Records shown Block Start

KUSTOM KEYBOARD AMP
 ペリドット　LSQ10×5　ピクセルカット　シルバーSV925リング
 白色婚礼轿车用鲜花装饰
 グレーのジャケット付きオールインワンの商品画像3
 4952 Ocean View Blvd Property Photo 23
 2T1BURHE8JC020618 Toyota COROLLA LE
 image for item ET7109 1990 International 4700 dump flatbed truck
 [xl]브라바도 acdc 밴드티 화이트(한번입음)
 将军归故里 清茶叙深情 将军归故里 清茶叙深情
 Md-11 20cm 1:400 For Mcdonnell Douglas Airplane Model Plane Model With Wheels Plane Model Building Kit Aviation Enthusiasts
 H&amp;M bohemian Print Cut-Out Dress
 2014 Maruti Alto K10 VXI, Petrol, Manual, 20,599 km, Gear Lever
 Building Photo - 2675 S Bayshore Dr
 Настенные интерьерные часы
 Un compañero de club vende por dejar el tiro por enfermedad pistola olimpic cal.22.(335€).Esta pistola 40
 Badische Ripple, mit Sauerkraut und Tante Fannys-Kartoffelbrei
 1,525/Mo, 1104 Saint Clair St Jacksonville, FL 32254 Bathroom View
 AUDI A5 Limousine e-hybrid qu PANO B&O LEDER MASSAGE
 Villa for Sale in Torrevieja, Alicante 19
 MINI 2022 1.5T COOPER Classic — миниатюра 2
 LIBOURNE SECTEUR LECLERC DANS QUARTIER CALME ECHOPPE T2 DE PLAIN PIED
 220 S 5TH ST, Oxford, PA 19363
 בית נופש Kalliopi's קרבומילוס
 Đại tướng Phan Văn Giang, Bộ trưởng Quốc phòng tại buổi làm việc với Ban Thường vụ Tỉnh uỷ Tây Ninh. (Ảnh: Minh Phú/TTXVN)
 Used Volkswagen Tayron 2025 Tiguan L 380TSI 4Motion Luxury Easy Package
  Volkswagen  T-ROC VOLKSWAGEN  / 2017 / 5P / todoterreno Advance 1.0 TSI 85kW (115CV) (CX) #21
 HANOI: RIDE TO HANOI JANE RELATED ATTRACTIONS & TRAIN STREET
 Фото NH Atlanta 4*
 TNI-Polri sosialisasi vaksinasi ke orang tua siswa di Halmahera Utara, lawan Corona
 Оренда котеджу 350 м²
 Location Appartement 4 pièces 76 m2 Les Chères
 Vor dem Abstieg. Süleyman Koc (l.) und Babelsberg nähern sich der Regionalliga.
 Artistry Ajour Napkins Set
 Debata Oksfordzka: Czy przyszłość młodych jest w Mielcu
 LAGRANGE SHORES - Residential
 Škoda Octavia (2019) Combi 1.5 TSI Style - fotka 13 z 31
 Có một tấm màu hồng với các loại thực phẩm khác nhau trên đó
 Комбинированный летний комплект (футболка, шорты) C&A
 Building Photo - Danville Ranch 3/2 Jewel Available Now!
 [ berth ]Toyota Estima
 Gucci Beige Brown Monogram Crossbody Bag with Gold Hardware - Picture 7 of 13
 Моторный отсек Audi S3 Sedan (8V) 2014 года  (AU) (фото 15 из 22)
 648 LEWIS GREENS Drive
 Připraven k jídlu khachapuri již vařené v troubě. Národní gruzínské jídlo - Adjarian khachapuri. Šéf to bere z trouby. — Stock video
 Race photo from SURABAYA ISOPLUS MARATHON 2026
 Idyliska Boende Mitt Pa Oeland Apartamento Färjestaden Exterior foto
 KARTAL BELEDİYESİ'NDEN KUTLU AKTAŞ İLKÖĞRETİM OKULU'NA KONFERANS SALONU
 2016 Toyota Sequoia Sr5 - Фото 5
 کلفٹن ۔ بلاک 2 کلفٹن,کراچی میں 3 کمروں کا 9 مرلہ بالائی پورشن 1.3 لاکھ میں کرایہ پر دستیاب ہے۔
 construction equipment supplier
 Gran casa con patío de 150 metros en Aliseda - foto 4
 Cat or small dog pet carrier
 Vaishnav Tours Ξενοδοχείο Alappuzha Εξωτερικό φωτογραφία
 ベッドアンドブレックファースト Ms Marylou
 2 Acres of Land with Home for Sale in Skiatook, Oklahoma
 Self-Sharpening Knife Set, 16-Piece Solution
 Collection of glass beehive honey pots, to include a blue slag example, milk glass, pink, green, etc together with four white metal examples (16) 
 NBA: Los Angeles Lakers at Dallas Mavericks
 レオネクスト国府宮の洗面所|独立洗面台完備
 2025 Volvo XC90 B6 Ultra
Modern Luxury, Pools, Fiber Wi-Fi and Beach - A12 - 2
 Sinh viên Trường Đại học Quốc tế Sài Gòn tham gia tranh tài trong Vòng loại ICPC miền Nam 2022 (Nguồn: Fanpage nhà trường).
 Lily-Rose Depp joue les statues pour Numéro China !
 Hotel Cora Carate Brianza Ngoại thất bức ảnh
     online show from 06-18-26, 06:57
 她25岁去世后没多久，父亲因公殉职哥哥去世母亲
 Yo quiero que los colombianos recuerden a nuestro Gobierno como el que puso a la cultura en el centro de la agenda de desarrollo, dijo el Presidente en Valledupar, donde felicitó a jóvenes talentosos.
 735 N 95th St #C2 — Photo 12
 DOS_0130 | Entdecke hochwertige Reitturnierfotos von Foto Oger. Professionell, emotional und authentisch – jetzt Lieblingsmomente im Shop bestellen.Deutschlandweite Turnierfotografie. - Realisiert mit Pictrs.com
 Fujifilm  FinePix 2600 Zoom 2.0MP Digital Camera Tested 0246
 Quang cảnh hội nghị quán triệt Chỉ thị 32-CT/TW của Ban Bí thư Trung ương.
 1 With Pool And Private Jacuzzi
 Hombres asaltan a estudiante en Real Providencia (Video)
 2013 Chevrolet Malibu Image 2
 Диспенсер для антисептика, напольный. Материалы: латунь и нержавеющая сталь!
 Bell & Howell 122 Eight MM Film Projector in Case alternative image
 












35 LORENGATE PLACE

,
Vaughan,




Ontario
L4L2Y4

Records shown Block End

Taking the entries above, write out exactly the lines starting with the line containing "בית נופש Kalliopi's קרבומילוס" and going on through the line containing "Připraven k jídlu", both included, and nothing else.

| Exercise solution |
 בית נופש Kalliopi's קרבומילוס
 Đại tướng Phan Văn Giang, Bộ trưởng Quốc phòng tại buổi làm việc với Ban Thường vụ Tỉnh uỷ Tây Ninh. (Ảnh: Minh Phú/TTXVN)
 Used Volkswagen Tayron 2025 Tiguan L 380TSI 4Motion Luxury Easy Package
  Volkswagen  T-ROC VOLKSWAGEN  / 2017 / 5P / todoterreno Advance 1.0 TSI 85kW (115CV) (CX) #21
 HANOI: RIDE TO HANOI JANE RELATED ATTRACTIONS & TRAIN STREET
 Фото NH Atlanta 4*
 TNI-Polri sosialisasi vaksinasi ke orang tua siswa di Halmahera Utara, lawan Corona
 Оренда котеджу 350 м²
 Location Appartement 4 pièces 76 m2 Les Chères
 Vor dem Abstieg. Süleyman Koc (l.) und Babelsberg nähern sich der Regionalliga.
 Artistry Ajour Napkins Set
 Debata Oksfordzka: Czy przyszłość młodych jest w Mielcu
 LAGRANGE SHORES - Residential
 Škoda Octavia (2019) Combi 1.5 TSI Style - fotka 13 z 31
 Có một tấm màu hồng với các loại thực phẩm khác nhau trên đó
 Комбинированный летний комплект (футболка, шорты) C&A
 Building Photo - Danville Ranch 3/2 Jewel Available Now!
 [ berth ]Toyota Estima
 Gucci Beige Brown Monogram Crossbody Bag with Gold Hardware - Picture 7 of 13
 Моторный отсек Audi S3 Sedan (8V) 2014 года  (AU) (фото 15 из 22)
 648 LEWIS GREENS Drive
 Připraven k jídlu khachapuri již vařené v troubě. Národní gruzínské jídlo - Adjarian khachapuri. Šéf to bere z trouby. — Stock video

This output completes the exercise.